February 19, 2009 at 12:57 pm
I'm not even sure this is doable, but I'm going to try.
Any tips on how to use a Full text index function such as containstable in a join?
i.e. I have defined a thesaurus as such
<XML ID="Microsoft Search Thesaurus">
<thesaurus xmlns="x-schema:tsSchema.xml">
<diacritics_sensitive>0</diacritics_sensitive>
<expansion>
<sub>Jon</sub>
<sub>John</sub>
<sub>Jack</sub>
<sub>Jonathon</sub>
<sub>Jonathon</sub>
</expansion>
<expansion>
<sub>Sue</sub>
<sub>Susie</sub>
<sub>Suze</sub>
<sub>Susan</sub>
</expansion>
<expansion>
<sub>Tom</sub>
<sub>Thomas</sub>
<sub>Thom</sub>
</expansion>
<expansion>
<sub>William</sub>
<sub>Bill</sub>
<sub>Will</sub>
</expansion>
<expansion>
<sub>Richard</sub>
<sub>Dick</sub>
<sub>Rich</sub>
</expansion>
<expansion>
<sub>Elizabeth</sub>
<sub>Elisabeth</sub>
<sub>Beth</sub>
<sub>Liz</sub>
<sub>Lisabeth</sub>
<sub>Lisa</sub>
</expansion>
</thesaurus>
</XML>
I'm trying to join two disparate sets of data with lists of users... one from our client, one from our own AD infrastructure.

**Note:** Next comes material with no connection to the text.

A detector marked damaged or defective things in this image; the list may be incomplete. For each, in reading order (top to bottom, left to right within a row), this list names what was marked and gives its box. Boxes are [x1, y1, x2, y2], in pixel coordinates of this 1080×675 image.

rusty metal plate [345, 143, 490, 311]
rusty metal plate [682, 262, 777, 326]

I defined FTI on both tables for all of the text columns, and now what I want to do is join where the lastname matches in each table and use the thesaurus to match on first names
CREATE TABLE [dbo].[ADUsers](
[Name] [nvarchar](255) NULL,
[First Name] [nvarchar](255) NULL,
[Last Name] [nvarchar](255) NULL,
[User Logon Name] [nvarchar](255) NULL,
[userid] [int] IDENTITY(1,1) NOT NULL,
CONSTRAINT [pk_adusers] PRIMARY KEY CLUSTERED
(
[userid] ASC
)WITH (PAD_INDEX = OFF, STATISTICS_NORECOMPUTE = OFF, IGNORE_DUP_KEY = OFF, ALLOW_ROW_LOCKS = ON, ALLOW_PAGE_LOCKS = ON) ON [PRIMARY]
) ON [PRIMARY]
GO
/****** Object: FullTextIndex Script Date: 02/19/2009 13:52:52 ******/
CREATE FULLTEXT INDEX ON [dbo].[ADUsers](
[First Name] LANGUAGE [English],
[Last Name] LANGUAGE [English],
[Name] LANGUAGE [English],
[User Logon Name] LANGUAGE [English])
KEY INDEX [pk_adusers] ON [NW]
WITH CHANGE_TRACKING AUTO
GO
CREATE TABLE [dbo].[Suppliedusers](
[CUST_FRST_NM] [nvarchar](255) NULL,
[CUST_LAST_NM] [nvarchar](255) NULL,
[OFFICE_NAME] [nvarchar](255) NULL,
[OFFIC] [nvarchar](255) NULL,
[CUST_SHR] [nvarchar](255) NULL,
[CUST_EMAL_ID] [nvarchar](255) NULL,
[AGENT_NBR] [nvarchar](255) NULL,
[nvarchar](255) NULL,
[LAST_UPDATE] [nvarchar](255) NULL,
[TERM_DATE] [nvarchar](255) NULL,
[DESIGNATION] [nvarchar](255) NULL,
[userid] [int] IDENTITY(1,1) NOT NULL,
CONSTRAINT [pk_users] PRIMARY KEY CLUSTERED
(
[userid] ASC
)WITH (PAD_INDEX = OFF, STATISTICS_NORECOMPUTE = OFF, IGNORE_DUP_KEY = OFF, ALLOW_ROW_LOCKS = ON, ALLOW_PAGE_LOCKS = ON) ON [PRIMARY]
) ON [PRIMARY]
GO
/****** Object: FullTextIndex Script Date: 02/19/2009 13:54:10 ******/
CREATE FULLTEXT INDEX ON [dbo].[suppliedusers](
[CUST_EMAL_ID] LANGUAGE [English],
[CUST_FRST_NM] LANGUAGE [English],
[CUST_LAST_NM] LANGUAGE [English],
[CUST_SHR] LANGUAGE [English],
[DESIGNATION] LANGUAGE [English],
[OFFIC] LANGUAGE [English],
[OFFICE_NAME] LANGUAGE [English])
KEY INDEX [pk_users] ON [NW]
WITH CHANGE_TRACKING AUTO
GO
Now what I want to do is to join the tables... but heres where I'm having no luck...
select
a.cust_frst_nm,
a.cust_last_nm,
b.[first name],
b.[last name]
from
suppliedusers a join containstable(adusers,[first name],'FORMSOF(THESAURUS,a.cust_frst_nm)') b on
a.cust_last_nm = b.[last name]
Any tips on how to craft a join using a full text index function? It seems to only accept literals, not another field... 🙁
February 19, 2009 at 6:35 pm
I'm thinking the problem here isn't so much the necessity for a literal in the contains table 'function' (for want of a better word), but it's more of basic SQL problem at hand.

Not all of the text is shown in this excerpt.